McMurray is the first road (going left only), after crossing over I-26 away from Hendersonville. It briefly runs parallel to I-26 from Upward, starting from Mountain Inn & Suites. The road soon veers rightward, past the red barn landmark of Bloomfield’s (formerly Dish Barn) then McAbee’s Fruit Stand, by farms then the two light industrial sites.
This view of farmland off McMurray Road (at right) is from Coastal AgroBusiness and Russell Galloway’s drive. Ebby Manor Road is in the distance, heading left from McMurray. Photo by Pete Zamplas.

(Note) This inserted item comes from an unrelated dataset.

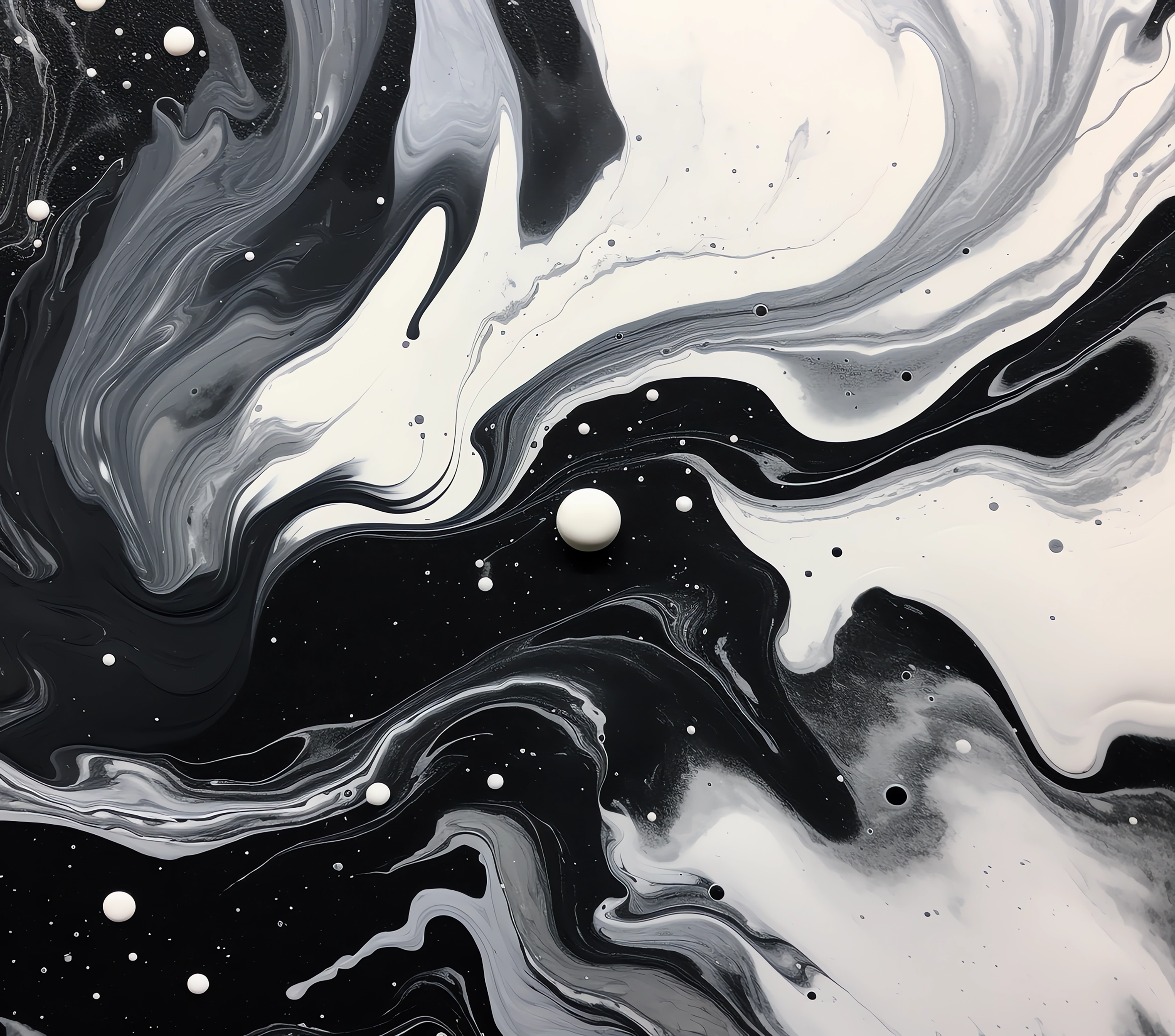 Monochrome Swirl Marble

Residents are also concerned about soil erosion and stormwater runoff that has risen since industry emerged. They question planning review conclusions that the area’s topography is fine for industry to feasibly operate there. They see flooding as making this longtime farm area ill-suited for industrialization, fueling debate over what extent it indeed hinders industry and what types might still work there.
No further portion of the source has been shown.